For the first time in a while, equity bears may be looking at an opening. Bulls Wednesday defended nearest support on major US equity indices, but breach risks are rising.
Kudos to the bulls who this year have withstood many a challenge thrown their way – from rising rates to trade tensions to persistent selloff in emerging-market currencies.
In fact, the S&P 500 large cap index andiShares MSCI Emerging Markets (NYSE:EEM) began diverging four months ago, and it has kept widening (Chart 1). For the year, the S&P 500 is up eight percent, versus a decline of 11.5 percent for the ETF. That is a swing of nearly 20 percent in a pair that normally tends to move in tandem – at least directionally.
US stocks pulled off this feat in the face of record corporate buybacks. In 1Q, S&P 500 companies purchased $189.1 billion worth of their own shares. The pace likely continued in 2Q. Flows were o.k., though. Through Tuesday this year, three S&P 500-focused ETF’s – SPY (SPDR S&P 500 ETF (NYSE:SPY)), iShares Core S&P 500 (AX:IVV) and Vanguard S&P 500 (NYSE:VOO) took in $345 million (courtesy of ETF.com). That is it! Invesco QQQ Trust Series 1 (NASDAQ:QQQ) did better, with inflows of $4.8 billion. Ditto with IWM (iShares Russell 2000 ETF) and IJR (iShares core S&P small-cap ETF) that combined gained $4.6 billion. Separately, US-based equity funds (including ETF’s) year-to-date attracted $5.9 billion. These are decent numbers, but nothing out of the ordinary. Through July this year, even FINRA margin debt is only up $10 billion, to $652.8 billion, with $668.9 billion in May a record. In 2017, margin debt jumped $113.4 billion. Concurrently, foreigners have been net-selling US stocks. Through June this year, they sold $35.6 billion worth, versus purchases of $118.9 billion in all of 2017.
The point is, except for buybacks, most sources of funds are mediocre to downright negative. This is kind of reflected in investor sentiment. Leading up to late-January highs in US stocks, sentiment was effusive. Using Investors Intelligence data, the ratio of bulls to bears back then remained at four or above for 17 consecutive weeks (including two readings of 3.95 and 3.99). The S&P 500, the Russell 2000 small cap index and the Nasdaq 100 index, plus several others, have all surpassed January highs, but sentiment is nowhere near (Chart 2). This fact by the way can be spun both ways to suit one’s own bias. Bears view this as longs having spent up all their energy. Bulls on the other hand argue there is more left in the tank. The latter better be right.
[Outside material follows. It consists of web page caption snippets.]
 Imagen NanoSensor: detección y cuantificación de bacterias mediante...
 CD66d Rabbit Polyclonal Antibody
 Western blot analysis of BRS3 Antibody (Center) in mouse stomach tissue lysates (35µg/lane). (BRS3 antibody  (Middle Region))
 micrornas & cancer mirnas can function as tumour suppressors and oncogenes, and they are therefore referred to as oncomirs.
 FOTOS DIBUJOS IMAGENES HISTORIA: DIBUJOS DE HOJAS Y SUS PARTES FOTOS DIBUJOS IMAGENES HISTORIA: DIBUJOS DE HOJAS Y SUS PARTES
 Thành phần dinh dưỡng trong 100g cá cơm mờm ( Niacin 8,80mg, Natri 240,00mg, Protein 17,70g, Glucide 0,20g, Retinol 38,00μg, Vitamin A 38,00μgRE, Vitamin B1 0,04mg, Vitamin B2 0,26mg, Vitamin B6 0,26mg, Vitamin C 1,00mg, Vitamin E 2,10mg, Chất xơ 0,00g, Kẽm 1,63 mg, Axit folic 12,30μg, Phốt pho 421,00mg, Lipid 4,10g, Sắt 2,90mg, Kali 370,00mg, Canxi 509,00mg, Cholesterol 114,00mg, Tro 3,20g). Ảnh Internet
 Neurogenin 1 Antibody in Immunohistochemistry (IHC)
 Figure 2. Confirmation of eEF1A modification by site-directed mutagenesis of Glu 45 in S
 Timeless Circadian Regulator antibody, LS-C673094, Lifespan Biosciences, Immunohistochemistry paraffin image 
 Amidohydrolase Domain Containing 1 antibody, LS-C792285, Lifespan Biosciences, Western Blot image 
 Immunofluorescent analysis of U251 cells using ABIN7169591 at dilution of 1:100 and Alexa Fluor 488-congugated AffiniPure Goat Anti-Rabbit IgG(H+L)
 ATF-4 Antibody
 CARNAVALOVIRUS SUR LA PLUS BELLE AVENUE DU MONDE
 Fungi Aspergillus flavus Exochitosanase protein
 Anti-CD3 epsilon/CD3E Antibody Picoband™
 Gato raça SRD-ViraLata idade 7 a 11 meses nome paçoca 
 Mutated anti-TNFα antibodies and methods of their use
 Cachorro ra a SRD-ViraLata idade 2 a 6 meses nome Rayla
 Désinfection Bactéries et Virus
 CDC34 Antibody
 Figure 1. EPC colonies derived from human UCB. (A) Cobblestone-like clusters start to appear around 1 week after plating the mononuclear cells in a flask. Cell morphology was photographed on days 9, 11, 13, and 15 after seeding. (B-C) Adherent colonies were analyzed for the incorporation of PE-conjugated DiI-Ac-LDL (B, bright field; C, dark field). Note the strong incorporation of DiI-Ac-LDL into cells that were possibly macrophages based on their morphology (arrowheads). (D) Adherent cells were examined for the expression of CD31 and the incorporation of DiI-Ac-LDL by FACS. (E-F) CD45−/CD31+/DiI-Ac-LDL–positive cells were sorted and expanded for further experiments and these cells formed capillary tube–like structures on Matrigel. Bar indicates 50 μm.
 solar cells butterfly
Several indices are at an interesting juncture. On the S&P 500 (2888.60), since defending breakout retest at 2800 three weeks ago, the index went on to post a new all-time high of 2916.50 Wednesday last week. That high also tested – unsuccessfully – the upper bound of a seven-month ascending channel (Chart 3). The index has come under slight pressure since. Wednesday, bulls stepped up to defend nearest support at 2870s; back in January, the S&P 500 retreated after hitting 2872.87. A loss of this support opens the door for eventual retest of 2800.
Similar dynamics are in play on the Nasdaq 100 (7523.26). Late January-early February, it suffered a quick double-digit decline (Chart 4). Then there was a similar drop in March. During this, the index printed higher highs and higher lows. The upper end of a channel thus born rejected the Nasdaq 100 late last month. Wednesday, support at 7500 was tested, and held. Right around there lies trend-line support from late April, a loss of which could accelerate move toward 7300.
Over on the Russell 2000 (1727.65), 11 sessions ago it broke out of two-month resistance at 1710-ish. A measured-move target of this breakout lies at 1780s. Last Friday, the index rallied to 1742.09 intraday, before coming under pressure. Bulls are not giving up just yet. Both Tuesday and Wednesday closed in the red, but intraday weakness was bought, resulting in hanging man in both sessions. Wednesday also just about retested the most recent breakout – successfully. But odds favor the bull-bear tug of war eventually goes the latter’s way. The index remains overbought on nearly all time frame, and signs of fatigue are showing up.
On all these three indices, shorter-term averages have begun to at least go flat. The middle line of daily Bollinger bands (20,2) probably ends up deciding the near-term fate. They are yet to get tested in earnest but are nearby – 2866 on the S&P 500, 7481 on the Nasdaq 100 and 1709 on the Russell 2000. Selling will gain momentum once this support gives way.